Ich habe auch noch andere Termine. Auch solche, die gut laufen. Aber auch einen weiteren am Nachmittag mit dem gleichen Kollegenkreis, wie es am Morgen der Fall war. Heinz kommentiert munter, da er mit seinen 130 – 150 Prozent gerade wohl auf der Überholspur unterwegs ist. Ein anderer Kollege stellt Ergebnisse vor, denen ich nicht folgen kann (und vermutlich auch nicht möchte): „Das hier ist das…aber das kennen wir ja schon alle…und machen wir ja auch schon alle…also fast alle.“ Häääää? Es geht um Netzwerken innerhalb der Firma und warum dies so wichtig sei. Ich frage mich mal wieder, warum manche von uns absaufen, während andere sich mit Dingen beschäftigen, die nicht notwendig sind. Netzwerken ist etwas, das viele schon tun – wenn auch nicht immer kontextbezogen, sondern eher, wenn es um den eigenen Vorteil oder um Informationsbeschaffung in eigener Sache geht.
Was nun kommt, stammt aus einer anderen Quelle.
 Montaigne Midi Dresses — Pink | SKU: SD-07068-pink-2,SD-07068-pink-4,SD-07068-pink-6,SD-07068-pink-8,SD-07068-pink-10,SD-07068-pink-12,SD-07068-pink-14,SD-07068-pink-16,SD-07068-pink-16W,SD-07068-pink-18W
Als nächtes wird dann noch beratschlagt, wie man das messbar machen könnte – also wer netzwerkt und wie? Und ob wir hierzu eine Schulung anbieten sollten??? Ich halte meinen Mund, bis ein Kollege mich direkt anspricht. Da sage ich, dass Netzwerken etwas ist, das ich immer schon mache, es nicht sinnvoll messbar sei und ich keine Vorstellung hätte, wie man so was schulen können sollte? Und überhaupt: Wenn wir uns wöchentlich anhören dürften, wieviele absaufen würden und nicht wüssten, wie sie überhaupt noch atmen könnten, dann frage ich mich, wie und wo sie so eine Sache noch unterbringen wollten? Ja neeeeeeeee, eine Schulung würde es hierzu nicht geben. Äääääh? Ich komme so langsam gar nicht mehr mit. Sie sagen das Eine, meinen aber was anderes. Es ist mal wieder eine Stunde, die ich zwar bezahlt bekomme, die aber auf der anderen Seite so überflüssig ist, wie eine dritte Schulter.
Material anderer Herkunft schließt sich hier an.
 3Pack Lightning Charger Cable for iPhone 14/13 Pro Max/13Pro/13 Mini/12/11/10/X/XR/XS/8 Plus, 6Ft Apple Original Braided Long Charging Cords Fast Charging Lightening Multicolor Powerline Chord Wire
Im Anschluss ruft mein Chef mich an, weil ich einen Termin verschieben muss. Mach´ ich doch glatt. Seine Mutter sei letzte Woche gestürzt. Morgen könnte er zu ihr, aber dann könne er den Termin nicht aufrechterhalten. Alles gut, ich bin ja flexibel. Er sagt noch was zur Arbeit, woraufhin ich sage: „Ich muss meine Arbeitsweise überdenken.“ Hossa, da kommt aber Leben in den Guten: „Na! Des mochst bittschee net! Wega Dia hob i als Einzge koa schloflose Nächt´ net!“ Ah ja. Wie meine Nächte sind, interessiert wohl nicht. Ich kann´s ja auch nicht wirklich…also mich ändern, meine ich. Nicht von grundauf. Ich kann nicht aus Mückenpipi Elefantenscheiße zaubern. Oder einen Furz als teures Parfum verkaufen. Aber an Montagen möchte ich so gerne weniger intelligent oder einfach stumpfer sein. Dann würde ich solche Sachen gar nicht so wahrnehmen. Das Blöde dabei: Es ist so schwer, das gezielt auf einen Tag zu richten, sonst würde ich mir sonntags abends den Arsch zusaufen. Ich befürchte allerdings, die Hirnzellen auch an den anderen sechs Tagen zu gefährden. Irgendwelche Ideen, wie ich nur zu bestimmten Meetings stumpf werden könnte? Immer her damit!